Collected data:
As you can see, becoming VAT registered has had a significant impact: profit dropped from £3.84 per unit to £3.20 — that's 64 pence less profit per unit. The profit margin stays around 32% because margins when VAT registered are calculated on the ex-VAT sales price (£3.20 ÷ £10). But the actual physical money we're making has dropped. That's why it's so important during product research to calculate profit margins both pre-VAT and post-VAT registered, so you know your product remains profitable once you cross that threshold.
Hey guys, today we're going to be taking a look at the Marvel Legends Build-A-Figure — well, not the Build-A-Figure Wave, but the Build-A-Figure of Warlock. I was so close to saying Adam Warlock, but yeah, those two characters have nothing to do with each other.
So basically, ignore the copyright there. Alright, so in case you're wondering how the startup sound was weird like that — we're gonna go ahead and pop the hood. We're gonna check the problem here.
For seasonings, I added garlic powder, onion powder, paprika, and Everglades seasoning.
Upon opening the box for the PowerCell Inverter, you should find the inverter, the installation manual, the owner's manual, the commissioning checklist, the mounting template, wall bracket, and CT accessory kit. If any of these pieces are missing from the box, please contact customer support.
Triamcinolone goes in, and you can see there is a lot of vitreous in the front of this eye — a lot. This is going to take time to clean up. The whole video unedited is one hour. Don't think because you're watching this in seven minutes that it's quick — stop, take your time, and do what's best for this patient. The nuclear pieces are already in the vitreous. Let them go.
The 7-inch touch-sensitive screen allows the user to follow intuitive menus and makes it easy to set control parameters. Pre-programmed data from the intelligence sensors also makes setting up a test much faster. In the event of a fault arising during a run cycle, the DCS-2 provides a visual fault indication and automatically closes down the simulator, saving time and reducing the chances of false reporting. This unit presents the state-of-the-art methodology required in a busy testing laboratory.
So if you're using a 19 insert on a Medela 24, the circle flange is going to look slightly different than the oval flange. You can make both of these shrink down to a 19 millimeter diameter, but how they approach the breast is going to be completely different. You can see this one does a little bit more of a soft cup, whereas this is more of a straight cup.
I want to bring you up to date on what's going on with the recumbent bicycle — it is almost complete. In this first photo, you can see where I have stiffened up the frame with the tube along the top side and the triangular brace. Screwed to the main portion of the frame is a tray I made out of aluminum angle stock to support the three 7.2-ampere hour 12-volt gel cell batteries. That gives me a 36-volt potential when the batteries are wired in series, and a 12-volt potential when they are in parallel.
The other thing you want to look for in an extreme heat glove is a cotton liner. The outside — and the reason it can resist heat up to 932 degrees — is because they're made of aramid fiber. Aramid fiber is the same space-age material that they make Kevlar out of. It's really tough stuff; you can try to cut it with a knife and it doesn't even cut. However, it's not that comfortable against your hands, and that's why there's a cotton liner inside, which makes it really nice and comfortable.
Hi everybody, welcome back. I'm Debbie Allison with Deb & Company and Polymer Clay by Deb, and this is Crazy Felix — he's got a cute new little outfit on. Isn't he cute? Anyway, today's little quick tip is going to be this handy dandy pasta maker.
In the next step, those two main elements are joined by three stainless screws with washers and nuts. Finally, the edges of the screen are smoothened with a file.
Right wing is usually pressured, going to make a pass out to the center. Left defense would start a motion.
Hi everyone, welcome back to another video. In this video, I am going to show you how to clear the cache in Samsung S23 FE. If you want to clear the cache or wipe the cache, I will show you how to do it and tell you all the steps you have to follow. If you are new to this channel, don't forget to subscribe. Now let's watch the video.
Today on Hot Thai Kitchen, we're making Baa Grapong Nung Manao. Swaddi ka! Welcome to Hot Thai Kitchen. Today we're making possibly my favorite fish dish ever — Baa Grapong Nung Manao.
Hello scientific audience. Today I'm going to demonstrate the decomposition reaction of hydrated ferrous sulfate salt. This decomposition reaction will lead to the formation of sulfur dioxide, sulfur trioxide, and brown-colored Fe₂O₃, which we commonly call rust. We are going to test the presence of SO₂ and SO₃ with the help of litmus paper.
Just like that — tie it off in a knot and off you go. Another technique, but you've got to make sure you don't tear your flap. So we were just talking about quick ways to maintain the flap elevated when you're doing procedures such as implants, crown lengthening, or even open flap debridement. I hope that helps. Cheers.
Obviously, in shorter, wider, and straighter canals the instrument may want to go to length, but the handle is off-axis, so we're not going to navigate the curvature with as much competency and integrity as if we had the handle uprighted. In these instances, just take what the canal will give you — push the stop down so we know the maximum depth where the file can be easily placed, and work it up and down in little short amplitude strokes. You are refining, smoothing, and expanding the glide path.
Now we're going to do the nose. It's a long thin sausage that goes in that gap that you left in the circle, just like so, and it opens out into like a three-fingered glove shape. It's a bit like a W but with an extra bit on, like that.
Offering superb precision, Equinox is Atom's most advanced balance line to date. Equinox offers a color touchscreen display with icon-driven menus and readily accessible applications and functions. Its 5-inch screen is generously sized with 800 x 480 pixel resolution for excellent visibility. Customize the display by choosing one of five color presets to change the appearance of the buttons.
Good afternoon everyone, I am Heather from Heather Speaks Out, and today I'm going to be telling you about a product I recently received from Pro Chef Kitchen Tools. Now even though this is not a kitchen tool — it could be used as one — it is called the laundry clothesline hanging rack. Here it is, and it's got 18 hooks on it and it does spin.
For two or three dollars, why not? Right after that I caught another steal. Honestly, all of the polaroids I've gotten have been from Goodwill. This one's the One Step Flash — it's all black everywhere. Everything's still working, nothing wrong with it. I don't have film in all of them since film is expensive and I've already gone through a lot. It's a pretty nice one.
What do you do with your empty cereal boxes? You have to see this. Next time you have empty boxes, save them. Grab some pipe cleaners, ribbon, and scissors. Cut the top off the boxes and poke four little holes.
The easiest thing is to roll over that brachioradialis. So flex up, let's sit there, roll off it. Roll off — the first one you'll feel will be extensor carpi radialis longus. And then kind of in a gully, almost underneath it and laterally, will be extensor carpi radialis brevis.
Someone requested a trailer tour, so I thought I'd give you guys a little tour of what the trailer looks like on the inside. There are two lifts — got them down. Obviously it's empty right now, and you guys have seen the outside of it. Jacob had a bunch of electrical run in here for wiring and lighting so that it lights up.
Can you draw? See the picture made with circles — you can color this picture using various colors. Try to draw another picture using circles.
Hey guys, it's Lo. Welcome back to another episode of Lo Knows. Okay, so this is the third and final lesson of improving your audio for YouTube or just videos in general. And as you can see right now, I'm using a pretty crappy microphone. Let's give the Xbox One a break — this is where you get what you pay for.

● PROBLEM REQUIREMENTS
As listed above, the lines from the line with "In the next" to the line with "Now we're going" are to be echoed exactly, with both ends included and nothing added.

● WRITTEN SOLUTION
In the next step, those two main elements are joined by three stainless screws with washers and nuts. Finally, the edges of the screen are smoothened with a file.
Right wing is usually pressured, going to make a pass out to the center. Left defense would start a motion.
Hi everyone, welcome back to another video. In this video, I am going to show you how to clear the cache in Samsung S23 FE. If you want to clear the cache or wipe the cache, I will show you how to do it and tell you all the steps you have to follow. If you are new to this channel, don't forget to subscribe. Now let's watch the video.
Today on Hot Thai Kitchen, we're making Baa Grapong Nung Manao. Swaddi ka! Welcome to Hot Thai Kitchen. Today we're making possibly my favorite fish dish ever — Baa Grapong Nung Manao.
Hello scientific audience. Today I'm going to demonstrate the decomposition reaction of hydrated ferrous sulfate salt. This decomposition reaction will lead to the formation of sulfur dioxide, sulfur trioxide, and brown-colored Fe₂O₃, which we commonly call rust. We are going to test the presence of SO₂ and SO₃ with the help of litmus paper.
Just like that — tie it off in a knot and off you go. Another technique, but you've got to make sure you don't tear your flap. So we were just talking about quick ways to maintain the flap elevated when you're doing procedures such as implants, crown lengthening, or even open flap debridement. I hope that helps. Cheers.
Obviously, in shorter, wider, and straighter canals the instrument may want to go to length, but the handle is off-axis, so we're not going to navigate the curvature with as much competency and integrity as if we had the handle uprighted. In these instances, just take what the canal will give you — push the stop down so we know the maximum depth where the file can be easily placed, and work it up and down in little short amplitude strokes. You are refining, smoothing, and expanding the glide path.
Now we're going to do the nose. It's a long thin sausage that goes in that gap that you left in the circle, just like so, and it opens out into like a three-fingered glove shape. It's a bit like a W but with an extra bit on, like that.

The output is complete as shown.